ECLI:NL:RBAMS:2017:7571

Rechtbank Amsterdam

Datum uitspraak
5 oktober 2017
Publicatiedatum
16 oktober 2017
Zaaknummer
C/13/634451 / KG ZA 17-968
Instantie
Rechtbank Amsterdam
Type
Uitspraak
Rechtsgebied
Civiel recht
Procedures
  • Eerste aanleg - enkelvoudig
Vindplaatsen
  • Rechtspraak.nl
AI samenvatting door LexboostAutomatisch gegenereerd

Ontruiming van gekraakte woning en spoedeisend belang van de eigenaar

In deze zaak vorderde de 93-jarige eiser, eigenaar van een vrijstaande woning, ontruiming van het pand dat sinds 2003 gekraakt is. Eiser stelde dat hij een spoedeisend belang had bij de ontruiming, omdat hij het pand wilde verkopen en zijn erfgenamen niet wilde belasten met een gekraakt pand. De gedaagden, die het pand bewoonden, voerden verweer en stelden dat er geen spoedeisend belang was, aangezien het pand al lange tijd niet bewoond was en zij bereid waren om een gebruiksovereenkomst aan te gaan.

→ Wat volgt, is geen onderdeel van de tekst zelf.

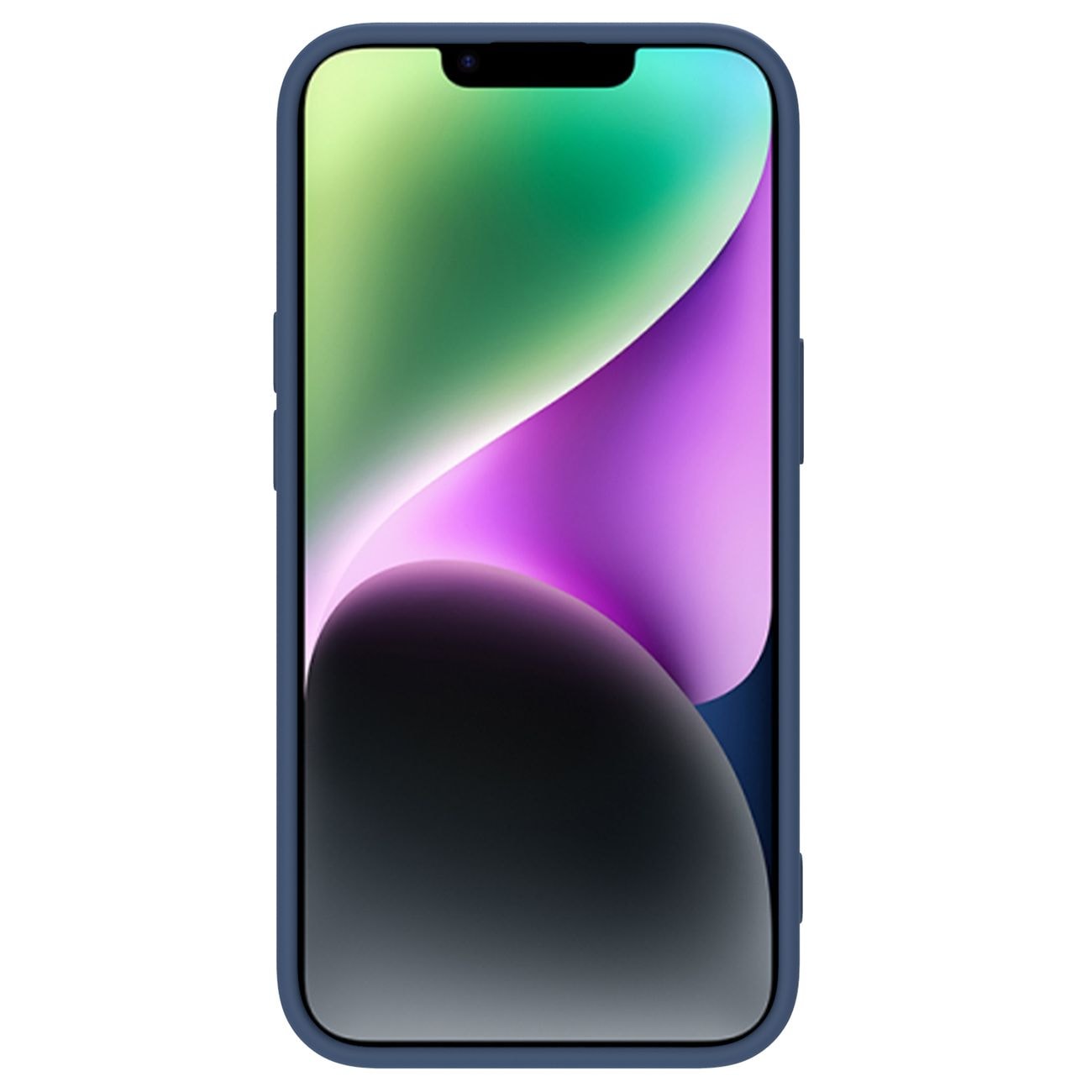 Nillkin CamShield Silky Silikoni Case iPhone 14 Plus tapauksessa kameran suojus sininen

De voorzieningenrechter oordeelde dat de vordering tot ontruiming niet kon worden toegewezen, omdat er onvoldoende concrete plannen waren voor het pand. De rechter stelde vast dat de plannen van eiser om het pand te verkopen en te verbouwen niet voldoende concreet waren, en dat ontruiming zou kunnen leiden tot ongerechtvaardigde leegstand. De rechter weigerde de gevraagde voorzieningen en veroordeelde eiser in de proceskosten van de gedaagden.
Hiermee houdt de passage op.